==== Extracted information

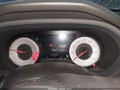 Photo 7 of 16 — 2022 Acura TLX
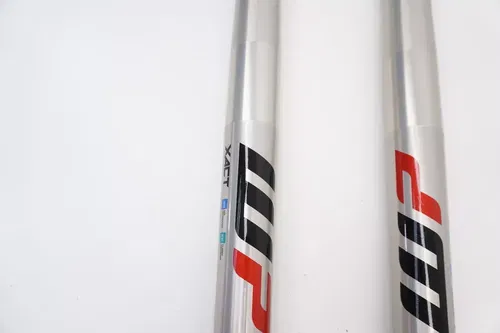2022.5 KTM 250 SX-F Front Forks OEM WP XACT Suspension Air Fork Set 350 450 #2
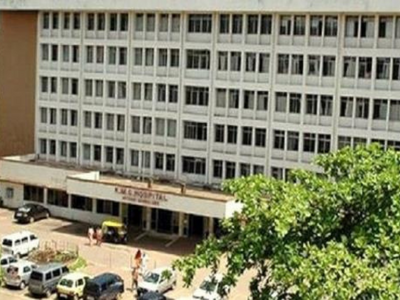 Kasturba-Medical-College-Mangalore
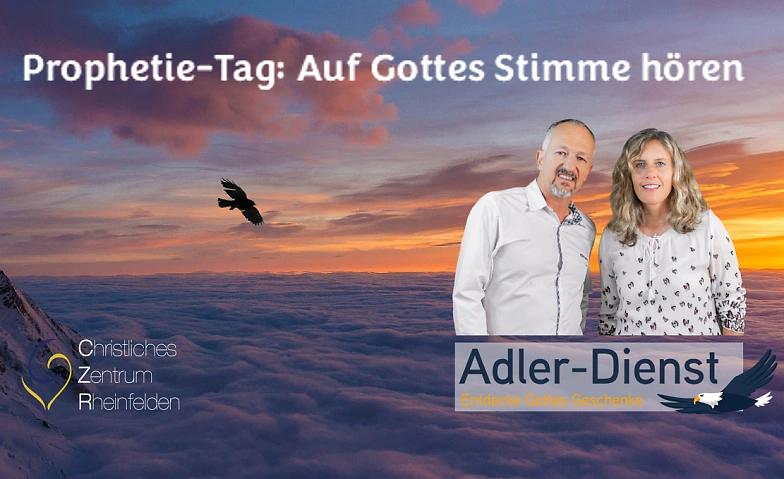 Bild im Zusammenhang mit dem Beitrag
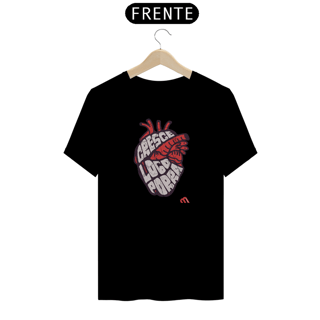 Cresce logo porra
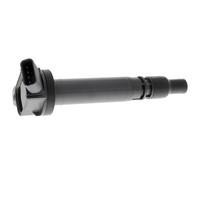 ZüNdspule FüR Toyota Auris Camry Land Cruiser RAV4 Yaris Lexus Gs Ls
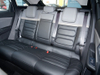 Hot Selling 2024 New Versailles Enjoy Edition Gasoline Hatchback Car for Family Use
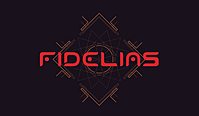 Profilbild: ☮  FIDELIAS  ☮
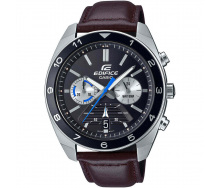 Годинник CASIO EDIFICE EFV-590L-1AVUEF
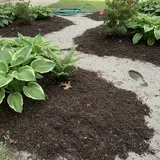 Lawn & Garden Soil thumbnail 5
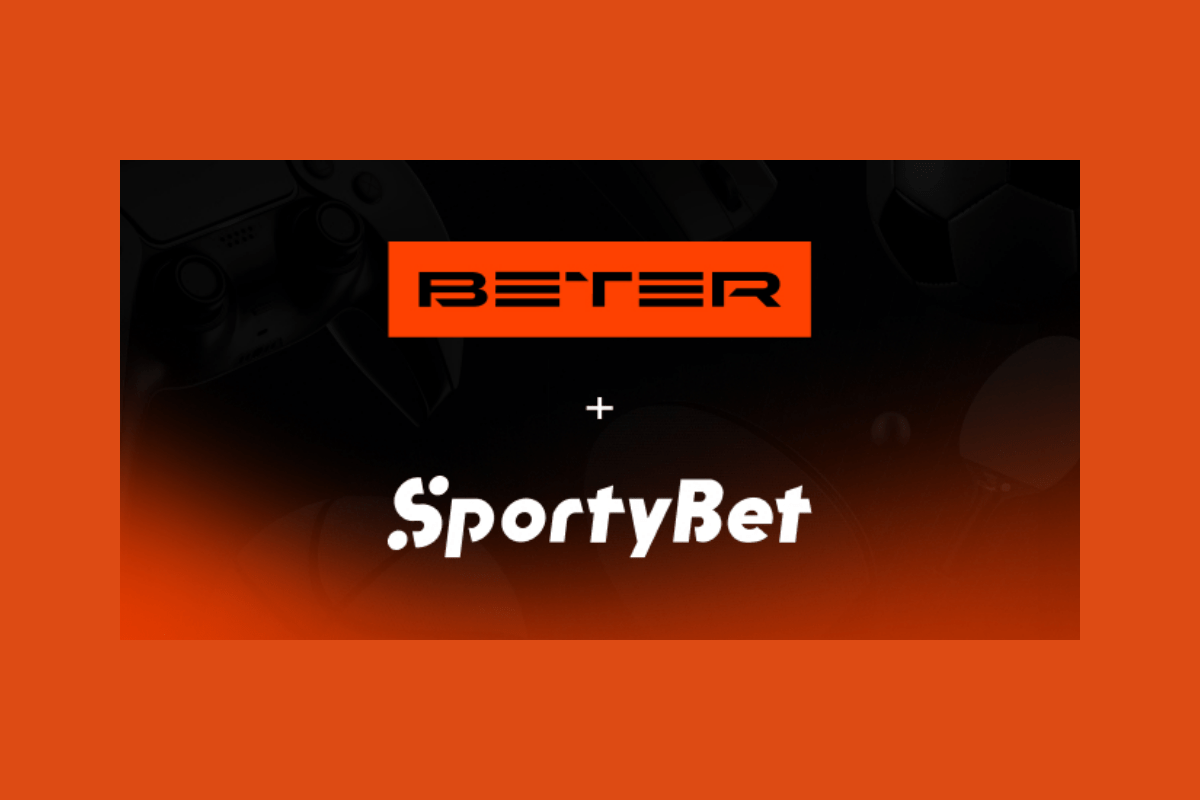 beter-strikes-partnership-with-sportybet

========

Activity = Please repeat the lines that run from the one holding "Lawn & Garden Soil thumbnail 5" to the last line of the material, both included, exactly and without pictures.

Expected answer =
 Lawn & Garden Soil thumbnail 5
 beter-strikes-partnership-with-sportybet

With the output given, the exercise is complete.